- **TASK STATEMENT**
All entries are to be copied exactly, with pictures removed.

- **EXTRACTED RECORDS**

-- Opening Marker --

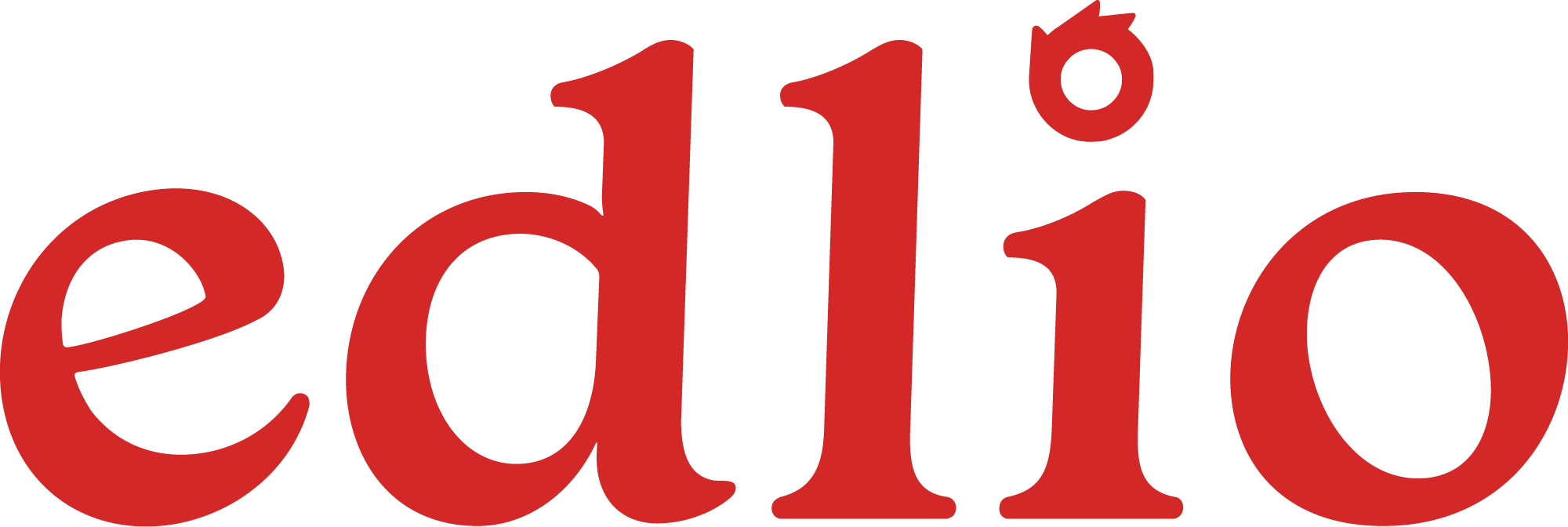 Edlio LLC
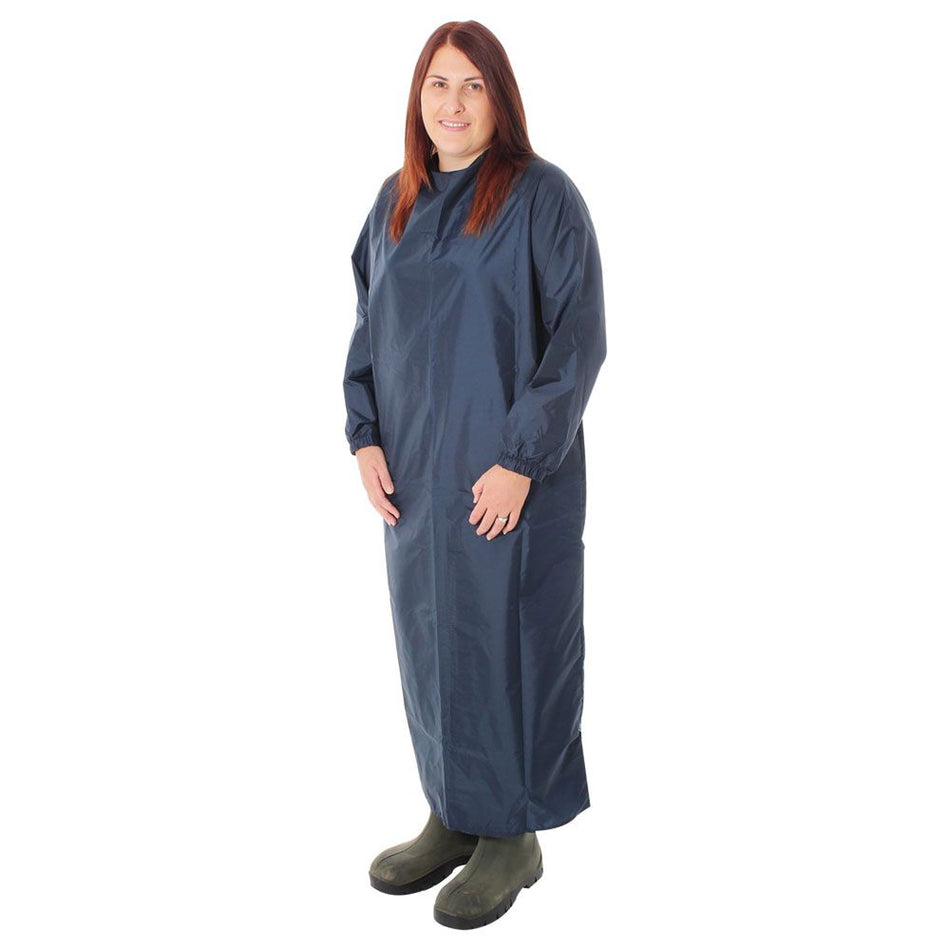 Shoof Milking Gown Lightweight (3 Sizes Available)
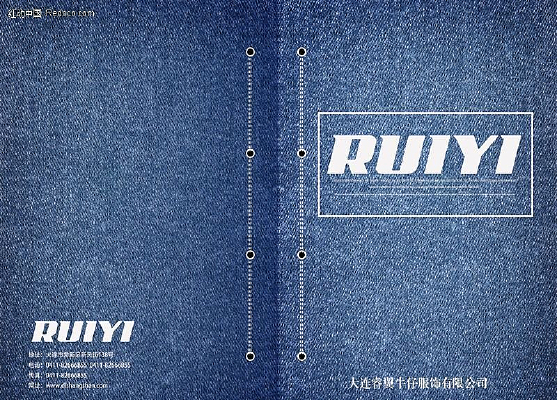 ���ӻ���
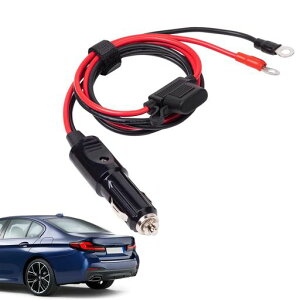 DONGFANGBVK[\PbgP[u1.8m12V/24VpԗpdA_v^[Co[^[/GA|v/|@ΉϔM≏݌vSی@\t(1)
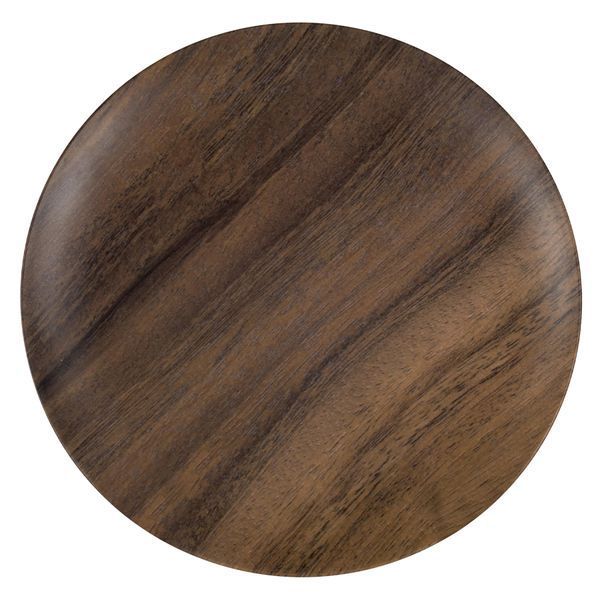 Сервіз столовий Gimex Tableware Nature 16 Pieces 4 Person Wood (6913100) DAS1810 фото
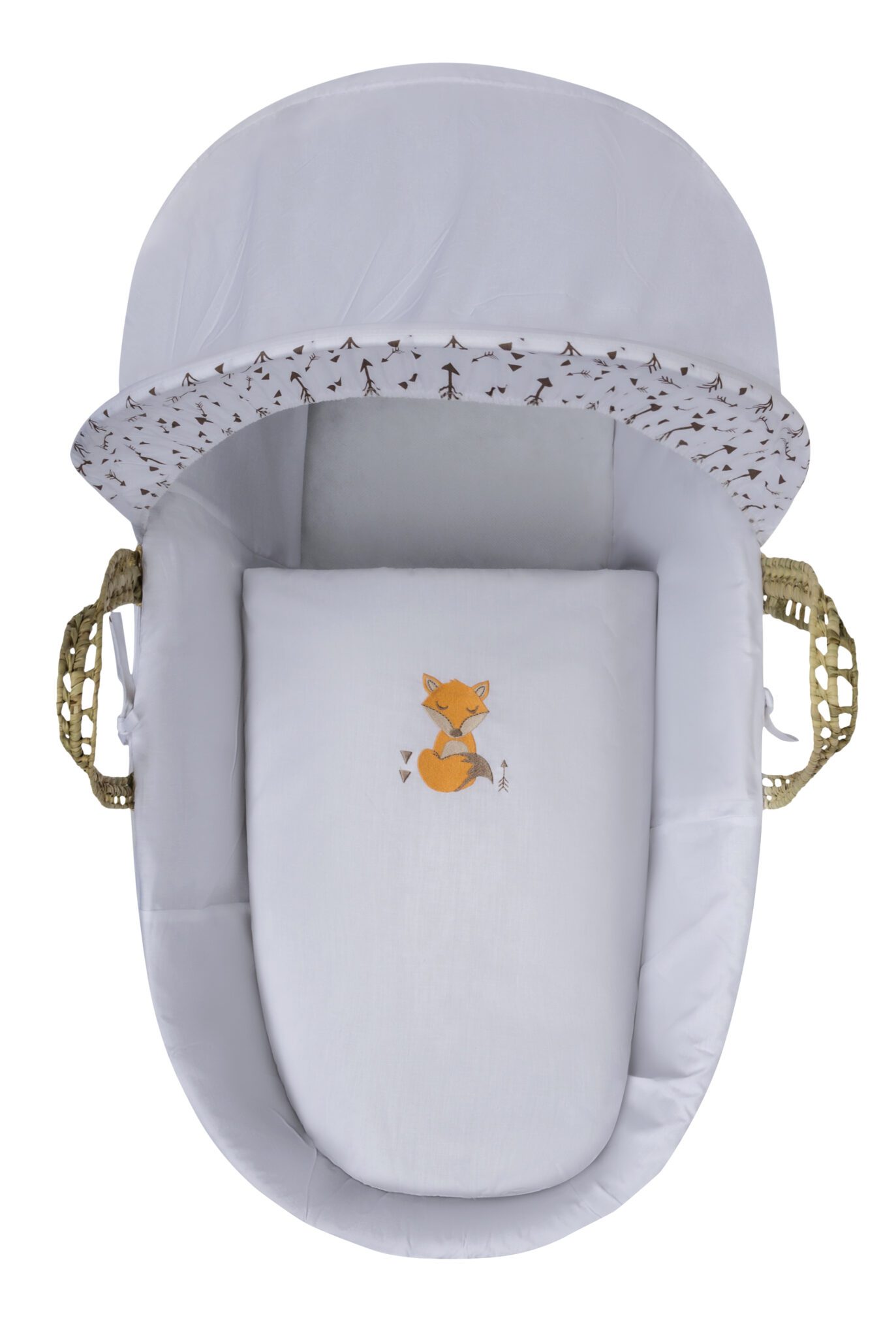 Product Gallery Image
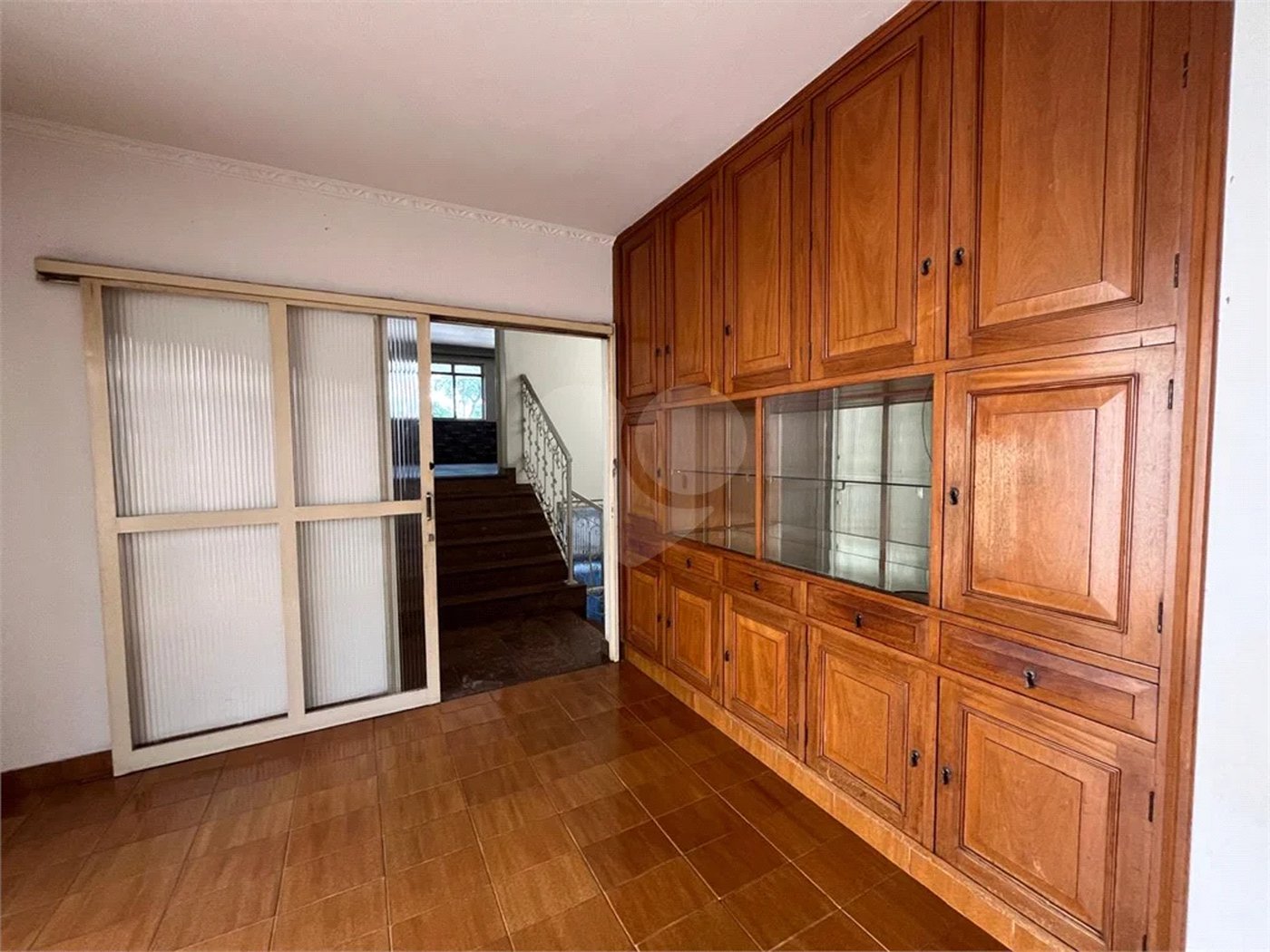 Excelente imóvel no bairro alto. Oportunidade comercial!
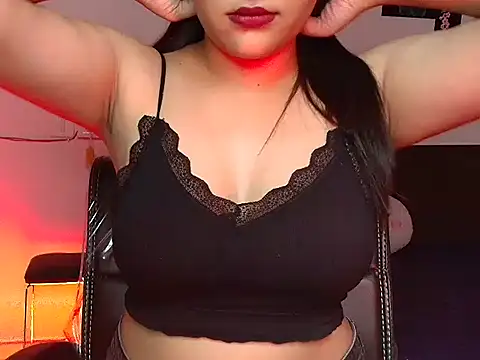 Silky amrita online show from May 6, 4:34 pm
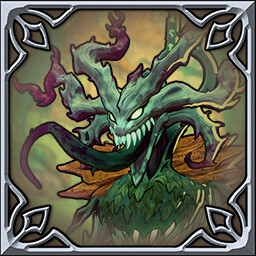 Purifier of Darkness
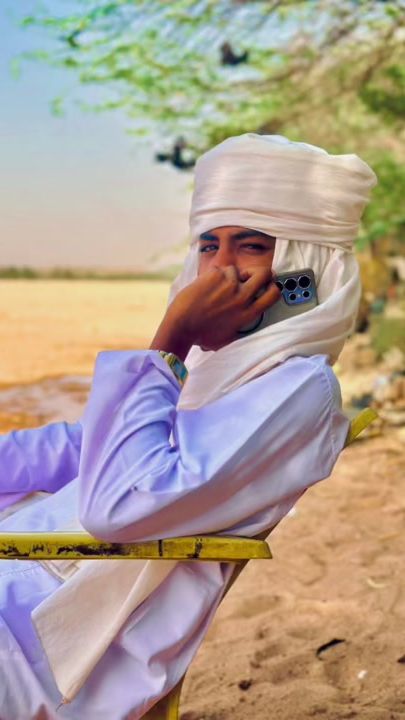 TikTok video thumbnail by ahmedamesel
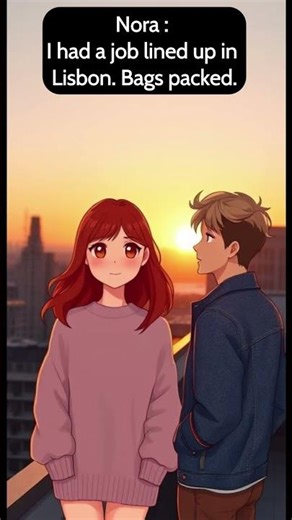 ☕ Conversation 17 : Café Confession 💬 Dialogue en Anglais avec sous-titres | Listen&Read English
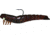D.O.A. Shrimp Lures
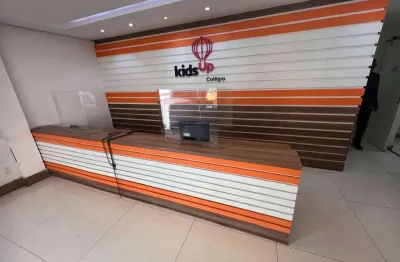 Casa comercial com 25 salas para alugar na Rua Pedro de Carvalho, 107, Méier, Rio de Janeiro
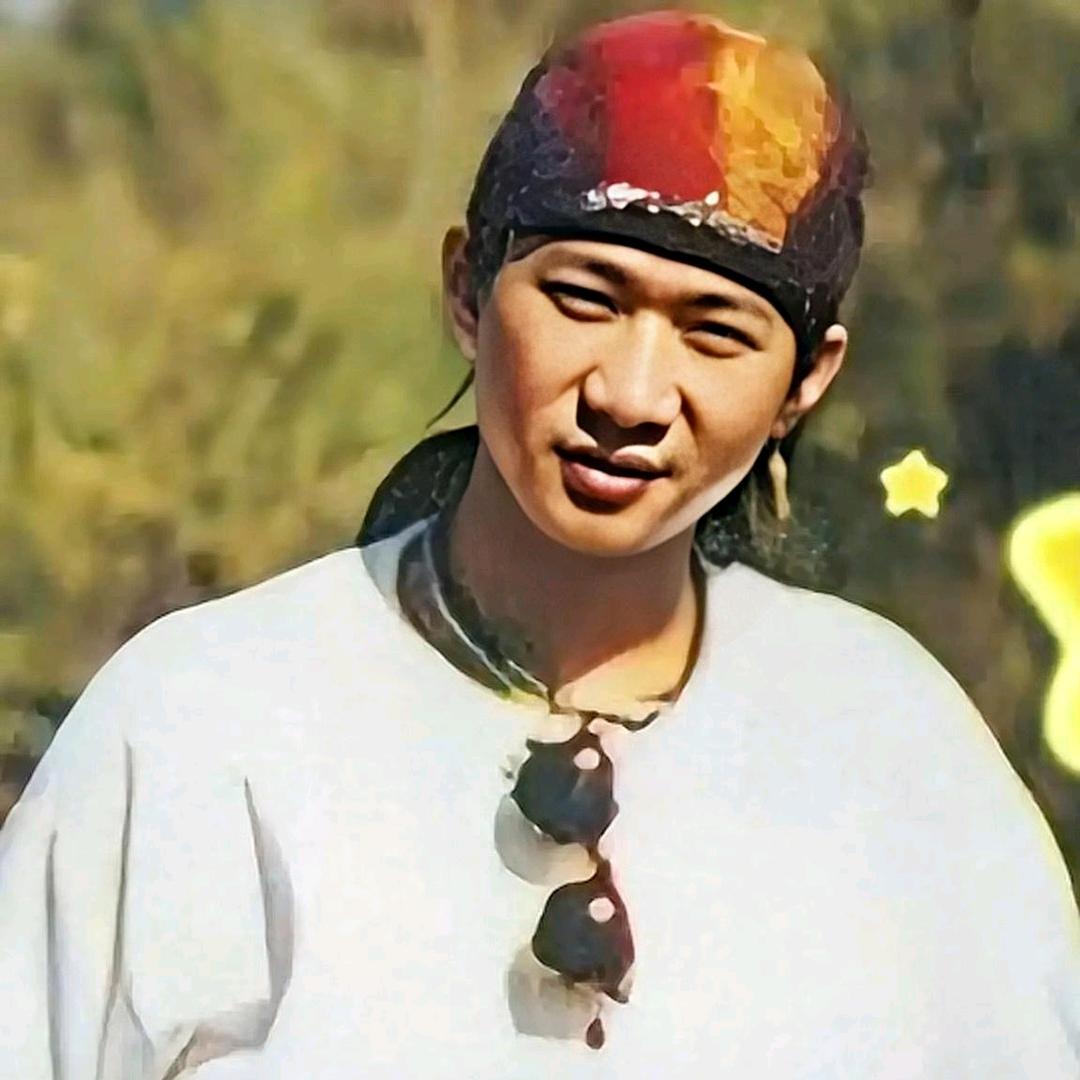 如果云知道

-- Closing Marker --

- **RESULT OF THIS EXERCISE**
 Edlio LLC
 Shoof Milking Gown Lightweight (3 Sizes Available)
 ���ӻ���
 DONGFANGBVK[\PbgP[u1.8m12V/24VpԗpdA_v^[Co[^[/GA|v/|@ΉϔM≏݌vSی@\t(1)
 Сервіз столовий Gimex Tableware Nature 16 Pieces 4 Person Wood (6913100) DAS1810 фото
 Product Gallery Image
 Excelente imóvel no bairro alto. Oportunidade comercial!
 Silky amrita online show from May 6, 4:34 pm
 Purifier of Darkness
 TikTok video thumbnail by ahmedamesel
 ☕ Conversation 17 : Café Confession 💬 Dialogue en Anglais avec sous-titres | Listen&Read English
D.O.A. Shrimp Lures
 Casa comercial com 25 salas para alugar na Rua Pedro de Carvalho, 107, Méier, Rio de Janeiro
 如果云知道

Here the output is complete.